Daß die Erinnerung im Innern Ihres Schädels steckt,
heißt nicht, daß sie nicht wenigstens teilweise von
außen entdeckt werden kann.«
    Der kleine Mann versuchte, ihm einen Schrecken einzujagen.
Robbie warf Shahid einen verächtlichen Blick zu und ging zum
Tor. Hinter ihm sagte der Historiker leise: »Das, woran Sie
sich erinnert haben, geschah im neunzehnten Jahrhundert in einem
englischsprachigen Land, und Sie waren entweder beim Militär
oder in eine andere bewaffnete Aktivität
verwickelt.«
    Robbie wirbelte herum. Shahid lächelte müde.

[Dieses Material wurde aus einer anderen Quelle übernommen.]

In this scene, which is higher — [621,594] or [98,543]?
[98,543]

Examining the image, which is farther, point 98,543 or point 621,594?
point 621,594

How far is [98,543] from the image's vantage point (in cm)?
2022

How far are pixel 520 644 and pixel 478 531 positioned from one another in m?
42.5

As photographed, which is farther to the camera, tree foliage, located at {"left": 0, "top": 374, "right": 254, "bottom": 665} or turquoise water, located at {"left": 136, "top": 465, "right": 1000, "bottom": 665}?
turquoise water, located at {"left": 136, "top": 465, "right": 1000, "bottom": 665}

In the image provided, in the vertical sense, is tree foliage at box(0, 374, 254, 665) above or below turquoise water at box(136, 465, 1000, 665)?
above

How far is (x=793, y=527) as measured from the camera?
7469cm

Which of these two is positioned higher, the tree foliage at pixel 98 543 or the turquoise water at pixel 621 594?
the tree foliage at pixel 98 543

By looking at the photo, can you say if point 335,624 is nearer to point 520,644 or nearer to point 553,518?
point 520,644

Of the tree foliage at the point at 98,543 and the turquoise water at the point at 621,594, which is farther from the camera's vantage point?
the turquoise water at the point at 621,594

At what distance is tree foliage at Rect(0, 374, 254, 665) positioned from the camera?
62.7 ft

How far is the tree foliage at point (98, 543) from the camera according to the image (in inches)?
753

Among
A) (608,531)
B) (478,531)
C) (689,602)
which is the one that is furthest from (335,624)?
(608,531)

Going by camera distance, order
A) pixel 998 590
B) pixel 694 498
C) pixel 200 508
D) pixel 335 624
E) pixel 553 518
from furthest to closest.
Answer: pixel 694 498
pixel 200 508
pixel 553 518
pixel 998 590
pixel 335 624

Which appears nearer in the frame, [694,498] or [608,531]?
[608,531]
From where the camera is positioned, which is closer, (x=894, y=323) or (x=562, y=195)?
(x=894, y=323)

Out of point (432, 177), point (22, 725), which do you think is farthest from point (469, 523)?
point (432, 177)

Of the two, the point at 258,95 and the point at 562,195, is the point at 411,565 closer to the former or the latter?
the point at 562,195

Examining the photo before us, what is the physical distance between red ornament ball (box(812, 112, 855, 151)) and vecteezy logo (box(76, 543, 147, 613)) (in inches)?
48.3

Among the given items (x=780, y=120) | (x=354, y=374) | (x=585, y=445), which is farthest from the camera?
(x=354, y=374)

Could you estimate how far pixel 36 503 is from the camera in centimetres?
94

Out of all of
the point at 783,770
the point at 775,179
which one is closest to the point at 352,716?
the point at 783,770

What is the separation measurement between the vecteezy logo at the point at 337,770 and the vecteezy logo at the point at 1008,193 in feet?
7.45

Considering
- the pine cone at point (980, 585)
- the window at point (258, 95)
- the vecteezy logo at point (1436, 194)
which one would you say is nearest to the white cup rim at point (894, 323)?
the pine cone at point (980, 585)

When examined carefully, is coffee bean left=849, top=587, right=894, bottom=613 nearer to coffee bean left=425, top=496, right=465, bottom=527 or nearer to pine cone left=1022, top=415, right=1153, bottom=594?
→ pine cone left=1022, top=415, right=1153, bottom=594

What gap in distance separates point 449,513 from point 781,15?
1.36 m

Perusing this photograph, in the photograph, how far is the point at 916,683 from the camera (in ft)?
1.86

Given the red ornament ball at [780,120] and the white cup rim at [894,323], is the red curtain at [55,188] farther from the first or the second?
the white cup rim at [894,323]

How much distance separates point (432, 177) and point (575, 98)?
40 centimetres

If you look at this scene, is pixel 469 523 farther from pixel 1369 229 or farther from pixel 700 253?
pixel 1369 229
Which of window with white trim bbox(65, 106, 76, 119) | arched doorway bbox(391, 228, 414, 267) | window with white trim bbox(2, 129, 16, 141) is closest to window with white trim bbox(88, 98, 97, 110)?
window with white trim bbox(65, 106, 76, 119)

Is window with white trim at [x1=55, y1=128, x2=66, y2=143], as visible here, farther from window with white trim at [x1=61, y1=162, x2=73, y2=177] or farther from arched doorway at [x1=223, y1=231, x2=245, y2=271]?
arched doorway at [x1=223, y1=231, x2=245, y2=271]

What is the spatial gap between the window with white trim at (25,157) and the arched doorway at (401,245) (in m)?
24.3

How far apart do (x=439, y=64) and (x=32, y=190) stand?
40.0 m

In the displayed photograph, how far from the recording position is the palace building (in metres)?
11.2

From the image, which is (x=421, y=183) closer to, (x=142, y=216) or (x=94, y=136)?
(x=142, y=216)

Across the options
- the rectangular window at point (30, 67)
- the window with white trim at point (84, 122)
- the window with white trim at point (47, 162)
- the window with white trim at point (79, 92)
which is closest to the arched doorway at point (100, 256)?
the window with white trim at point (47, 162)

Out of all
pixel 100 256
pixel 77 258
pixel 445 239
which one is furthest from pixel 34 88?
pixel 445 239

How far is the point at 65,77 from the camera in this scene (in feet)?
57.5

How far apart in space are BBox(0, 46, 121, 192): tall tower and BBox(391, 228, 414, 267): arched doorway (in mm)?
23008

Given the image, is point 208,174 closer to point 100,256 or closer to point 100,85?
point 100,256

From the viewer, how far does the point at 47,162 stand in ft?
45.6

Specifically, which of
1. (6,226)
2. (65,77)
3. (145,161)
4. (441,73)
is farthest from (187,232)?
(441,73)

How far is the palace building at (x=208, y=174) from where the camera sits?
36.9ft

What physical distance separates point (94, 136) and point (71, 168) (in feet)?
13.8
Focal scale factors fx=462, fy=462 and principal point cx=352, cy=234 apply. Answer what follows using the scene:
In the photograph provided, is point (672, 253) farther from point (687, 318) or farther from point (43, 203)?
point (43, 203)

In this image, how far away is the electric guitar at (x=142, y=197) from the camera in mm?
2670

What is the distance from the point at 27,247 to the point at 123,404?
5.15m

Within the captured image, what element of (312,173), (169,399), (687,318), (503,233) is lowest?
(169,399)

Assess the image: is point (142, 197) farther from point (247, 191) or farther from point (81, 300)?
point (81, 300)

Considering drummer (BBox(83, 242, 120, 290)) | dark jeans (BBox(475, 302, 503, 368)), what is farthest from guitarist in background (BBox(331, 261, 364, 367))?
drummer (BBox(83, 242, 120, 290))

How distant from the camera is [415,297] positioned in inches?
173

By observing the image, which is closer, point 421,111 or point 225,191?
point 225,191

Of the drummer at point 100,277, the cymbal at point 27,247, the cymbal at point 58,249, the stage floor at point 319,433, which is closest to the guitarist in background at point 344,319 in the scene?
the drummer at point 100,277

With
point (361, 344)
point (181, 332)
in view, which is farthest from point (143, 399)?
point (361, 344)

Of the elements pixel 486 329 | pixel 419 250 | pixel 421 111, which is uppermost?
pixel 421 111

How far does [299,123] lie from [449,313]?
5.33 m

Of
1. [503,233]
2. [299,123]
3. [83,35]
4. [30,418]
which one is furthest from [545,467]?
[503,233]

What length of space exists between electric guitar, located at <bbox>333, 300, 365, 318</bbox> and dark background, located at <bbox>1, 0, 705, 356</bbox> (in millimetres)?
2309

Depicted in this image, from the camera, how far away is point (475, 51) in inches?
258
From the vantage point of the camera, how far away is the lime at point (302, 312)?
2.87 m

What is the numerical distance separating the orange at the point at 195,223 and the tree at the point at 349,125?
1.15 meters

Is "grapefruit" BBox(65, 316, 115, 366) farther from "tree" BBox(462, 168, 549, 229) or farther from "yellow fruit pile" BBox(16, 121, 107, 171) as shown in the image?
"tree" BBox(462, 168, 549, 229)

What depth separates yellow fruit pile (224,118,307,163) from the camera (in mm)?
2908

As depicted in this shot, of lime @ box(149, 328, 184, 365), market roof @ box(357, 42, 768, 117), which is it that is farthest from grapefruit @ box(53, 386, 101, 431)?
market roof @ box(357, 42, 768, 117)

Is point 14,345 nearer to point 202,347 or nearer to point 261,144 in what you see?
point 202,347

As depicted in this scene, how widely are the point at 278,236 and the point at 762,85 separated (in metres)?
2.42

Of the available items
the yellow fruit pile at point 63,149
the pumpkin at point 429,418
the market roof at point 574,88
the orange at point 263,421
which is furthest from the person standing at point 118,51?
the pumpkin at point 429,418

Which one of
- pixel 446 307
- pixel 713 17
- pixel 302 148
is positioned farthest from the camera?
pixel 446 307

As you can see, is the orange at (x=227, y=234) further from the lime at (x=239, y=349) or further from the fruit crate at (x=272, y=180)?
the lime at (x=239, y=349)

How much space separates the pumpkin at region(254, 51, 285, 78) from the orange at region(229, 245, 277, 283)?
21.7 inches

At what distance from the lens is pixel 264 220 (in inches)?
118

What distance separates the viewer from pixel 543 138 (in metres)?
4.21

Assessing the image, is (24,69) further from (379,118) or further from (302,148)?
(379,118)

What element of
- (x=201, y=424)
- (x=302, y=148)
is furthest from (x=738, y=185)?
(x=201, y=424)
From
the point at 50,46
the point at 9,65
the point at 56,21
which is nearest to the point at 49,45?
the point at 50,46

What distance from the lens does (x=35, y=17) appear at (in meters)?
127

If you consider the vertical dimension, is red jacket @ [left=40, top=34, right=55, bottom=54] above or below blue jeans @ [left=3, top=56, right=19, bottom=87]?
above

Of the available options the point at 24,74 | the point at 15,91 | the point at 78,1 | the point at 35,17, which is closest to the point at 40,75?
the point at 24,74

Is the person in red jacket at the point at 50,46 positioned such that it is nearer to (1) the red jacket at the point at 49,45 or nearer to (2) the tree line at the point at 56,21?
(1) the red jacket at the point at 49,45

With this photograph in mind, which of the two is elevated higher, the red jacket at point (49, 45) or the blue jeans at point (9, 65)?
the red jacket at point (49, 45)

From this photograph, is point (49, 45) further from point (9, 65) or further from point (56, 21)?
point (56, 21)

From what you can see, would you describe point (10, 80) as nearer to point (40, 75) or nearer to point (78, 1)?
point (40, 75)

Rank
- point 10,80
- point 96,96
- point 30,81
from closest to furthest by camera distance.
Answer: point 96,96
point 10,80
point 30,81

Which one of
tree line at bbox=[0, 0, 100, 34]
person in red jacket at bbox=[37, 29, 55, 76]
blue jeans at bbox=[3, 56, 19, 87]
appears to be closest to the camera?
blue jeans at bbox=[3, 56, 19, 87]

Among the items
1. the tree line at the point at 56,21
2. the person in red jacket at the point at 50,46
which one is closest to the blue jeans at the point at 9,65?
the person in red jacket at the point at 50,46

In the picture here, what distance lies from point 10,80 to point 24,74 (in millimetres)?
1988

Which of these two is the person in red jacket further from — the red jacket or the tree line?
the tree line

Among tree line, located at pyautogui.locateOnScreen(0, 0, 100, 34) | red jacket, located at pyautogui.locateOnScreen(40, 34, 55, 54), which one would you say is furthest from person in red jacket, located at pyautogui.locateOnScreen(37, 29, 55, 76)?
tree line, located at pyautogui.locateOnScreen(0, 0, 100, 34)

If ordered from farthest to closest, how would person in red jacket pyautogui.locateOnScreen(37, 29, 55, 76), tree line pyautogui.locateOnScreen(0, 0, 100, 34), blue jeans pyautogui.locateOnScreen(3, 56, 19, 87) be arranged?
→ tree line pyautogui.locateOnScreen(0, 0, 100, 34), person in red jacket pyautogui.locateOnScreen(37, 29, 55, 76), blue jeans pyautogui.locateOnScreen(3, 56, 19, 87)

»Sie haben zweimal das Wort >charmant< benutzt, in
zwei verschiedenen Bemerkungen. >Charmant< ist schon im
letzten Jahrhundert kaum noch umgangssprachlich verwendet worden.
Des weiteren kommen solche linguistischen Übertragungen nur
vor, wenn man in dem früheren Leben die gleiche Sprache
gesprochen hat wie im jetzigen. Und als Sie gerade eben die Faust
geballt haben, bewegte sich ihre rechte Hand zur Hüfte, wo
man eine Pistole oder einen Säbel zu tragen pflegte, aber
nur, wenn man seine Waffen nicht zu verbergen brauchte. Das galt
für Soldaten. Wachen. Cowboys.«
    Robbie stand absolut reglos da. Dann schüttelte er den
Kopf und lächelte. »Salontricks, Shahid. Ich
gehe.«
    »>Salon<, Mister Brekke?«
    Das Taxi hupte ungeduldig. Robbie ging durchs Tor hinaus und
zwang sich, der Frau in dem Kabuff ein strahlendes Lächeln
zuzuwerfen. Sie lächelte zurück, schaute dann jedoch
ängstlich zu Shahid hinüber.
    Dieser kleine Vorfall munterte Robbie plötzlich auf. Die
arme Kleine – sie hatte Angst vor einem vertrockneten
akademischen Pfaffen. Ausgerechnet. Er, Robbie, konnte ihr
zeigen, daß es auch anders ging. Schade, daß sie
nicht besser aussah.
    »Schönen guten Morgen«, begrüßte
ihn der Fahrer.
    »Und wie«, erwiderte Robbie so heftig, daß
sich der Mann kurz im Sitz umdrehte, um ihm einen Blick
zuzuwerfen. Robbie lachte. Das Taxi machte kehrt und fädelte
sich in den Verkehr ein, bis Shahid nur noch ein kleiner brauner
Fleck hinter dem reaktivierten Tor war.
     
    Auf Rochester International wimmelte es von Gaisten, die
gerade eine große Demonstration abhielten. Jemand Wichtiges
mußte entweder gleich ankommen oder gleich abfliegen,
dachte Robbie. Einen Moment lang kam ihm nur ein einziger Name in
den Sinn: Sam DeLorio. Robbie schüttelte den Kopf, um ihn
klar zu bekommen. Das war Prokops Werk – seine ganzen
Fragen über DeLorio und Kyle, und das einzige, woran Robbie
denken konnte, war der tote, korrupte Industrielle, der der Vater
dieser Bande weißgewandeter Sänger mit teuren
elektronischen Schildern war.
    Die Demonstranten hatten sich an drei Stellen konzentriert.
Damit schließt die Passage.